I mean, the chai was fine. The table and chairs were fine. I think they were even playing nice music. But it’s not a fun place to hang out.

Why?

Well, it smells bad.

Apparently this particular spot is a hangout for a number of people who likely aren’t welcome other places. They don’t look nice. I’d guess there’s some drug history (history, as in maybe the events of this morning). A lot of them don’t have houses to go home to at the end of the night. But they hang out here, and you’d better believe the air attacks you with body odor and weed and pee and maybe that other thing I’m not sure about.

I sat at my computer and tried not to breathe through my nose. Tried to avoid the piercing stare of that man at the next table, with tattoos on his face and clothes that hadn’t been washed maybe ever. But when I finished my homework and left, I couldn’t shake the feeling that the smells around me had seeped into my clothes. I sat on the train catching ghost whiffs of sour unwashed human, and wondered if the people in the next seat could smell it on me. When I got home, I took a shower, threw my clothes in the laundry, and lit sweet-smelling candles like this room hadn’t heard about lamps.

But after all those things, I did some thinking.

I’ve been thinking a lot lately about being a body. (You know that, I’ve written about it.) And really I haven’t figured it out. I begin to think I’ve got it, sometimes. That I’m getting better at being this body that gets sick and dirty and hungry and needy, better at understanding the goodness and the worship of it. And then something like this happens that is both bodily (oh hey nose) and relational (from other human people), and I realize WAIT NO. I haven’t got this at all.

It turns out that even when I think I’m okay, mostly I’m okay within the bounds of control. When the unpleasant things are contextualized. Dirty smelly people coming to my Indy church for food and clothing, discomfort in my body because I ate goat at a restaurant in this town in Ethiopia, an awkward bout with head lice after sharing close quarters and long days with kids I love—I can list plenty of annoying bodily experiences that still felt more okay, because I signed up for them. Or at least I signed up for the territory they came with.

When I’m uncomfortable is when that kind of bodily experience invades the parts of my life where I didn’t invite it. I went to that coffee shop downtown the other night to use the internet for my clean and pretentious homework, thanks, because it was close and it showed up on the map. I didn’t know I was going to have to hang out with you, smelly face-tattoo guy. You give me the creeps, and I’m pretty sure that’s legit.

And yet, Jesus.

Do I really think Jesus selectively filtered out the dirty parts, when he became a body out of love for us?

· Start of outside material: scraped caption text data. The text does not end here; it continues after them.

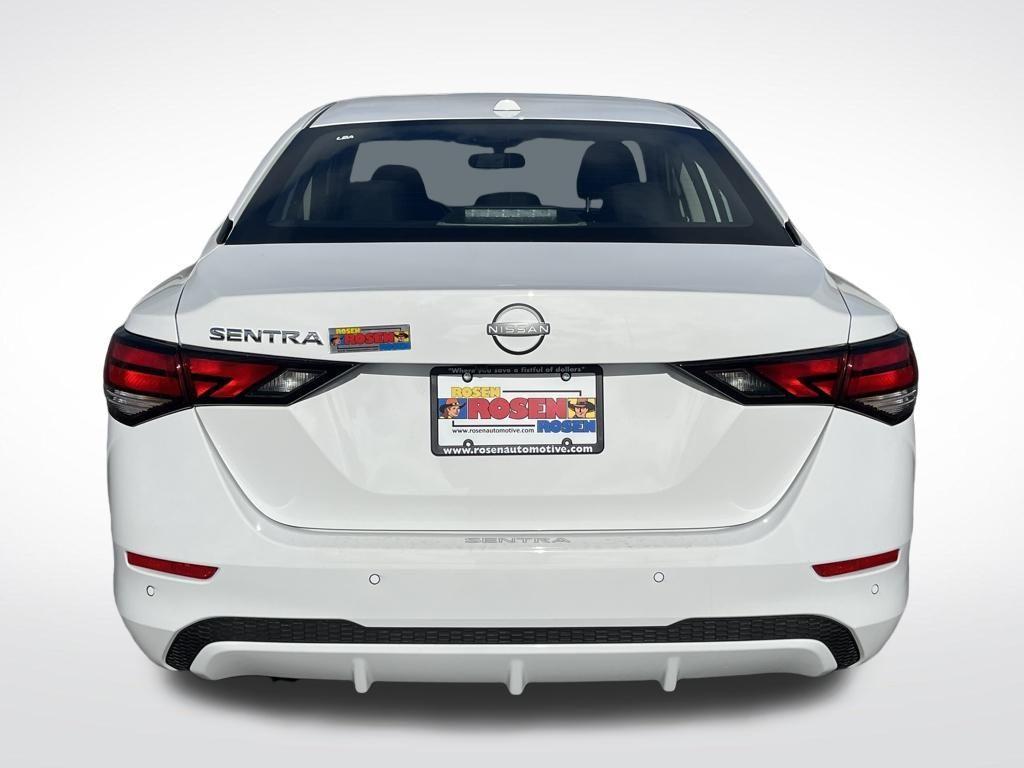 new 2025 Nissan Sentra car, priced at $21,711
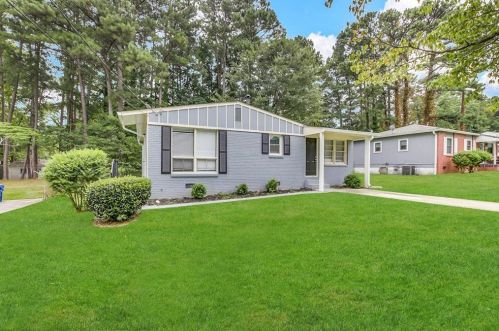 795 Amber Pl, Atlanta GA  30331-3413 exterior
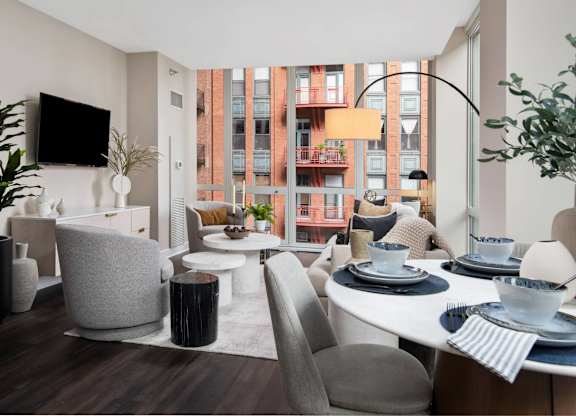 Spacious Living & Dining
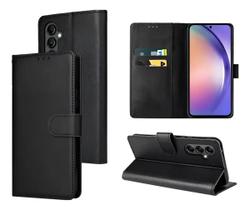 Capa Carteira Premium Para Samsung Galaxy A07 + Película Capa Carteira Premium Para Samsung Galaxy A07 + Película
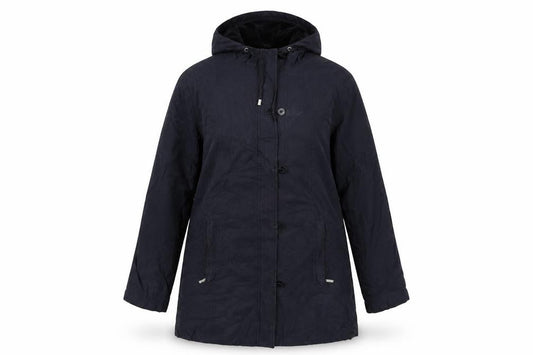 Per Una Womens Black   Anorak Coat Size S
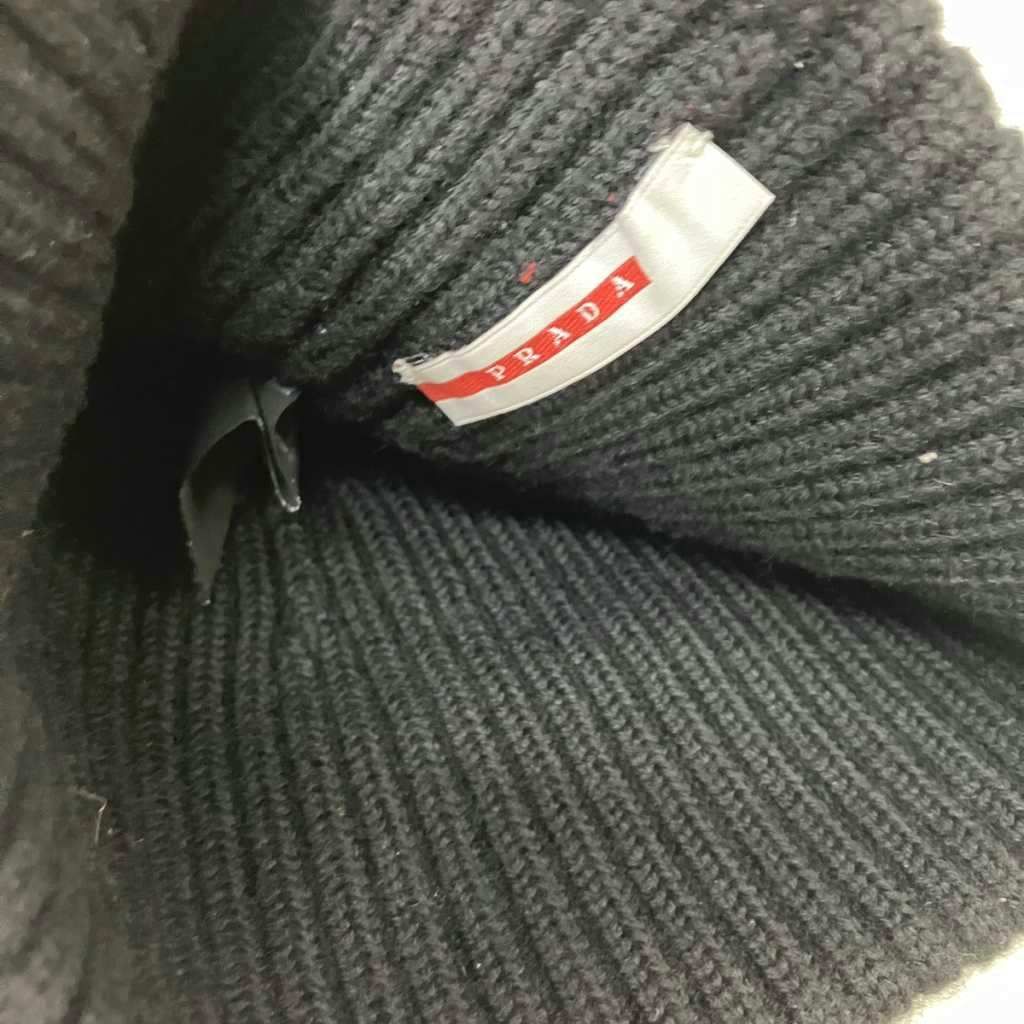 PRADASPORT プラダスポーツ ビーニー ニット帽 archive プラダスポーツ PRADA SPORT ニット帽 ビーニー アーカイブ 帽子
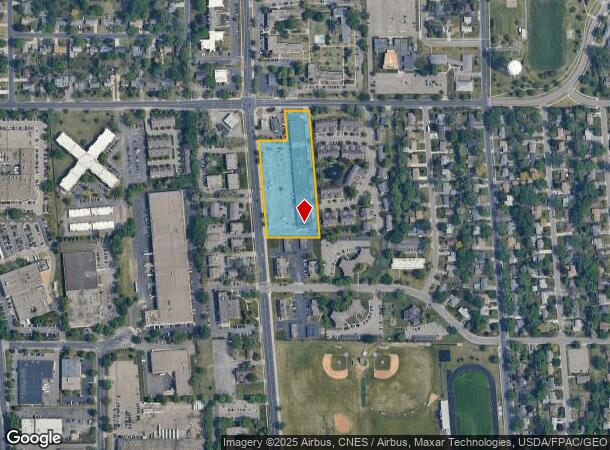 6800 Humboldt Ave N, Minneapolis, MN Parcel Map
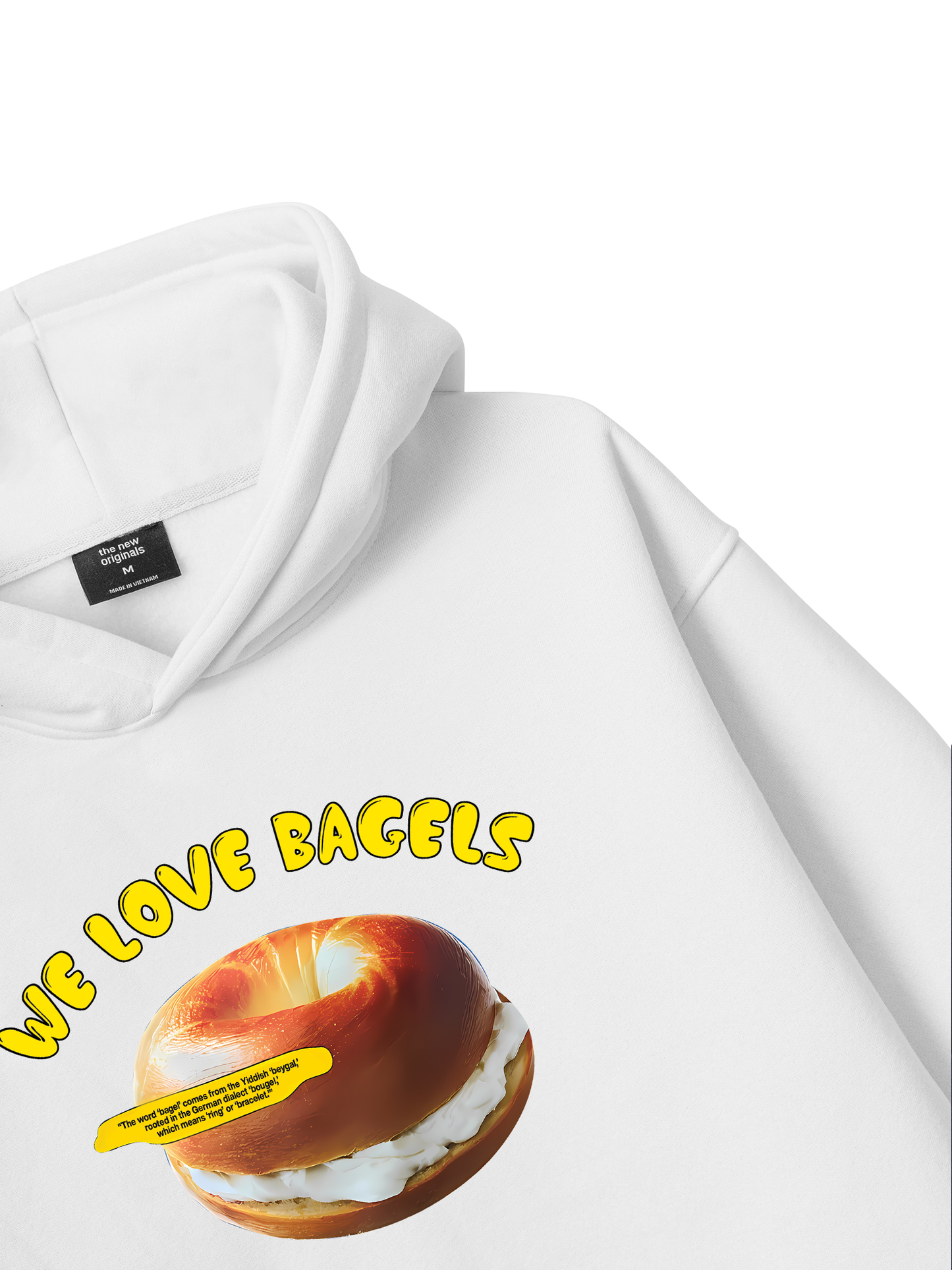Áo Hoodie Nỉ Bông Sweet Pastry We Love Baggles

People, Jesus was a homeless person.

Somehow I forget about that. As if Jesus’s compassion for the crazy people was a really neat day job, but probably when he was done shaking hands with prostitutes and guys with leprosy, he could go home and shower and read theology and manage his social media, #thatMessiahlife you know . . .

Except, no. No, it wasn’t. No, he couldn’t. When Jesus chose incarnation, he chose it hardcore. He took on the lowest and the grittiest parts of humanity, so that we would have a Savior who knows the same aches and temptations and dirty smells as us. More than most of us. More than me for sure.

Even deeper, I think our God took our humanity to set an example for our worship.

Did you know that the root word of “human” is the same as “humility”? Jesus took on our humanity to show us humility. (See Paul on this.) And humility is where worship happens. When we accept our humanness, as Jesus did, we’re accepting what kind of people we are before God. We have to look head-on at this dirt and sin and need, and then look at the grace that makes it not matter. We have to sit in that realization long enough to let it inspire worship deep in us.

But when we grow uncomfortable with parts of being human, and talk ourselves out of the need for that honesty and awe, we also talk ourselves out of a responsibility toward the inconvenient dirty people around us. Surely God doesn’t want me rubbing up against dirty. That’s unhygienic. Unsafe. I mean, maybe it’s appropriate during missions trips and outreach projects, but I do those, so that’s enough, right? Surely we don’t have to make spontaneous room in our lives for people who sti—

When you love the least of these.

That’s what Jesus said about love that loves Him.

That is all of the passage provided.